| Exercise |
Pictures must not appear in the copy. Restate exactly the lines below from the one with "BMW X5 - фото 1" through the one with "30 Athalie Avenue, Parafield Gardens SA 5107", inclusive.
** Opening Exercise data block **
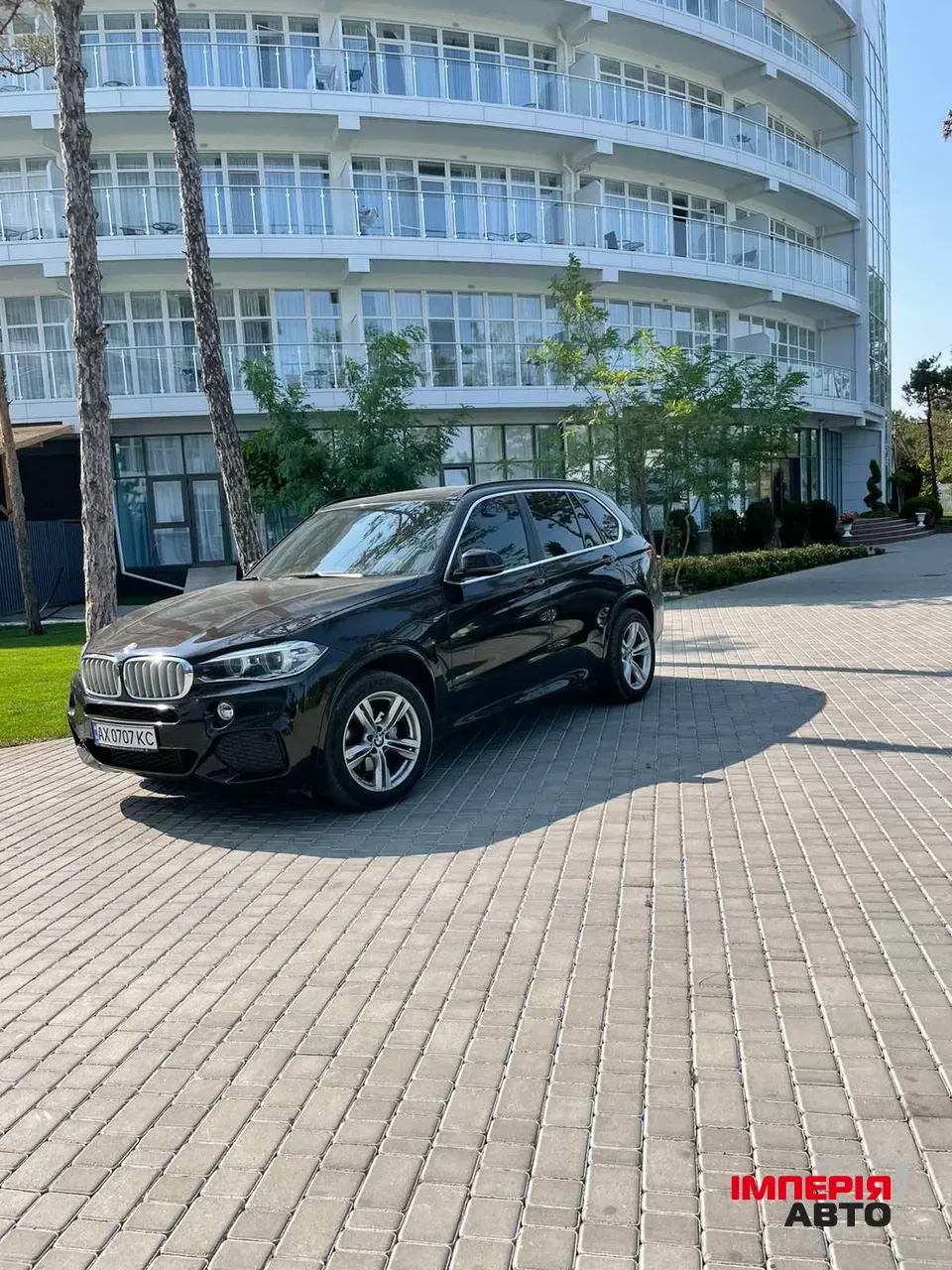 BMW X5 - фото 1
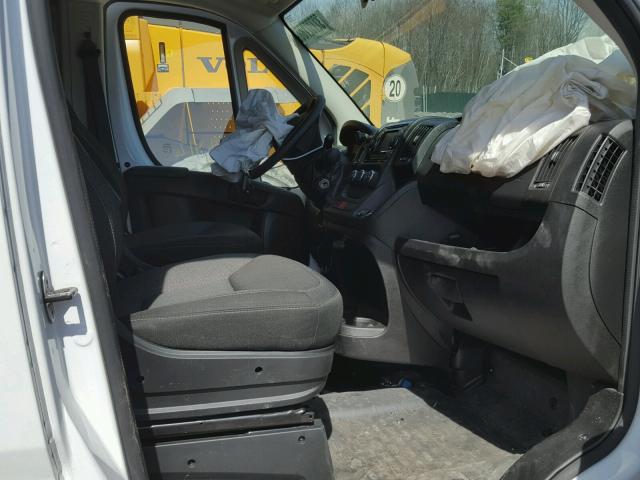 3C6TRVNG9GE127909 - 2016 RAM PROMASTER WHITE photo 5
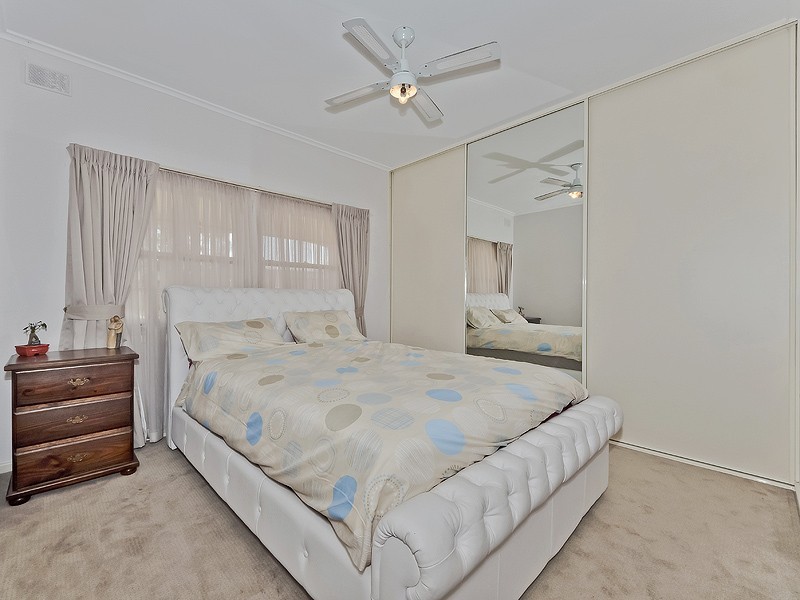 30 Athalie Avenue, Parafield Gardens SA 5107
** Closing Exercise data block **
** Opening Exercise data block **
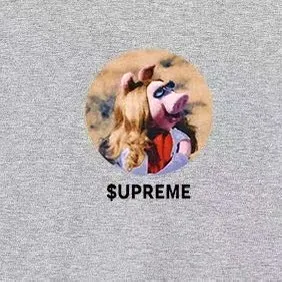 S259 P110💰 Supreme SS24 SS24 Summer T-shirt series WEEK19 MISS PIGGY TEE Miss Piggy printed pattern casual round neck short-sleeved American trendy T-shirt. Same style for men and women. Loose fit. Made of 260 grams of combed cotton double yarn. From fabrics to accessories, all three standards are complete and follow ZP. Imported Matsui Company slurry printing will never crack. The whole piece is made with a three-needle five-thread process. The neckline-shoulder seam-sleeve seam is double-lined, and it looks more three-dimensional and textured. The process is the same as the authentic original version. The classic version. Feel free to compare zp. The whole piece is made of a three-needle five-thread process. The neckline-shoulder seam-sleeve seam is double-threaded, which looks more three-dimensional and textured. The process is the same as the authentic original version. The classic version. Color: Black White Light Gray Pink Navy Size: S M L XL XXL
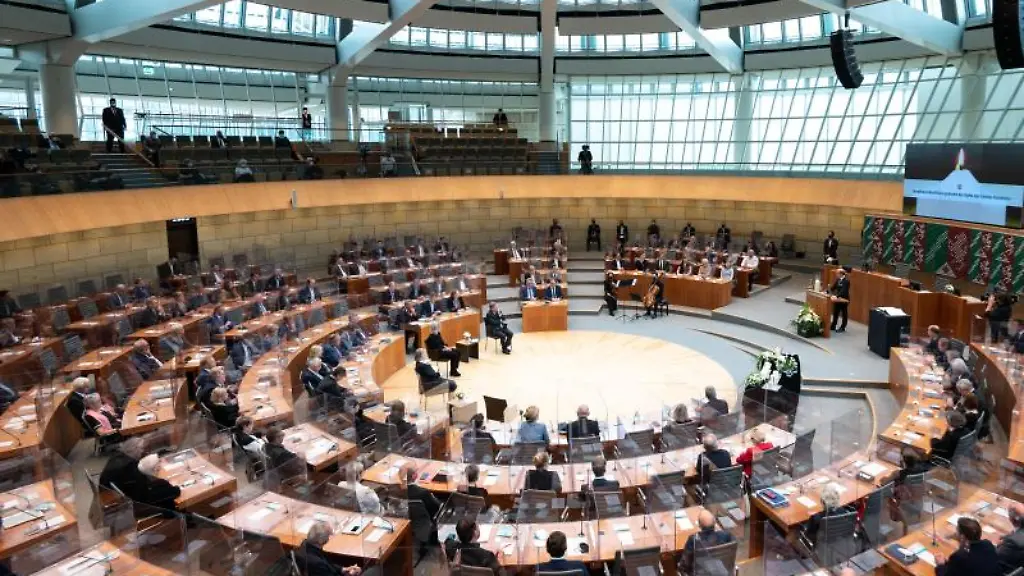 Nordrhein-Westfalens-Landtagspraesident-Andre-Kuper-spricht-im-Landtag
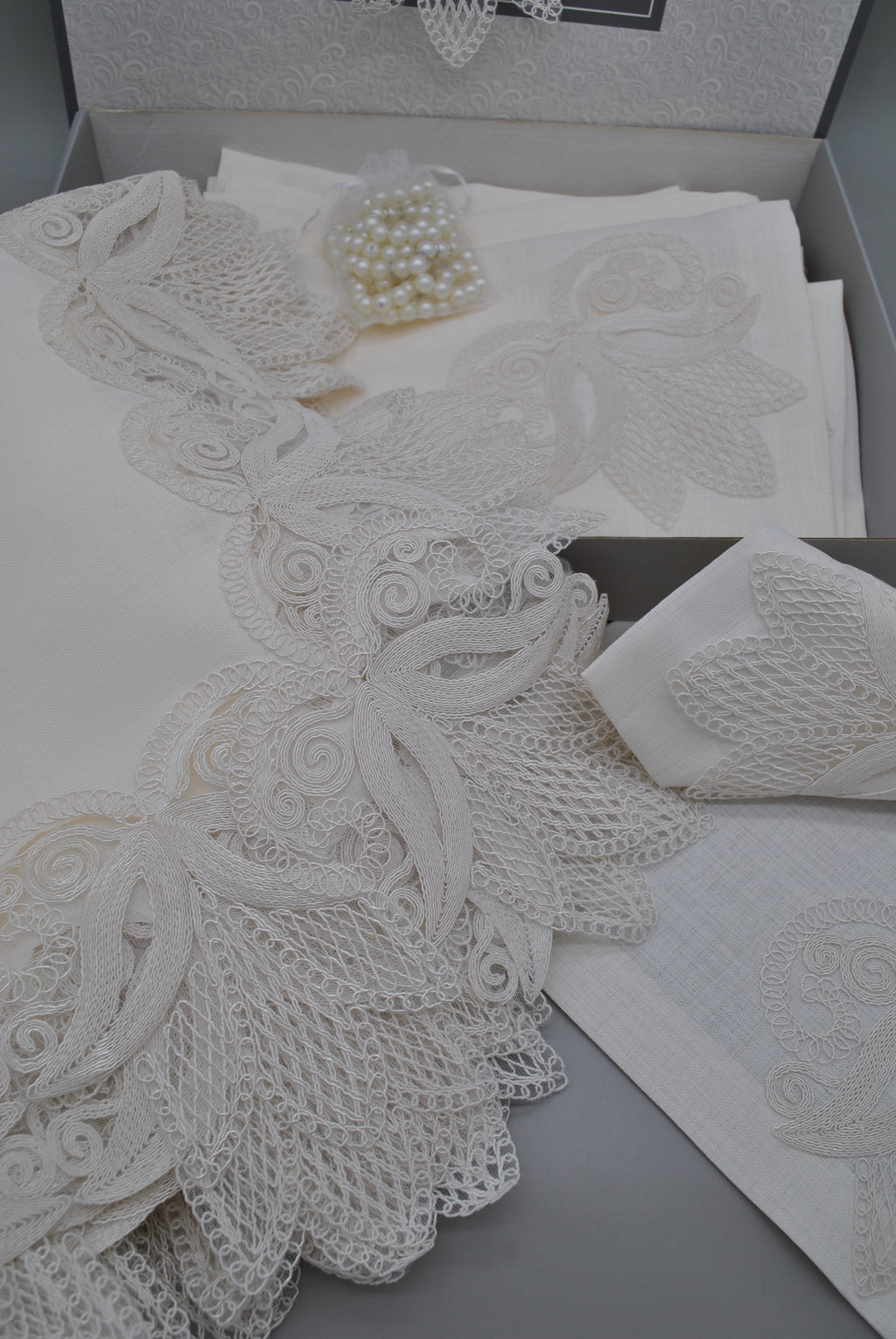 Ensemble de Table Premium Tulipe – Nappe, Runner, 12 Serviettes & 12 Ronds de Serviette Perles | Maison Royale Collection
** Closing Exercise data block **
| Your solution |
 BMW X5 - фото 1
 3C6TRVNG9GE127909 - 2016 RAM PROMASTER WHITE photo 5
 30 Athalie Avenue, Parafield Gardens SA 5107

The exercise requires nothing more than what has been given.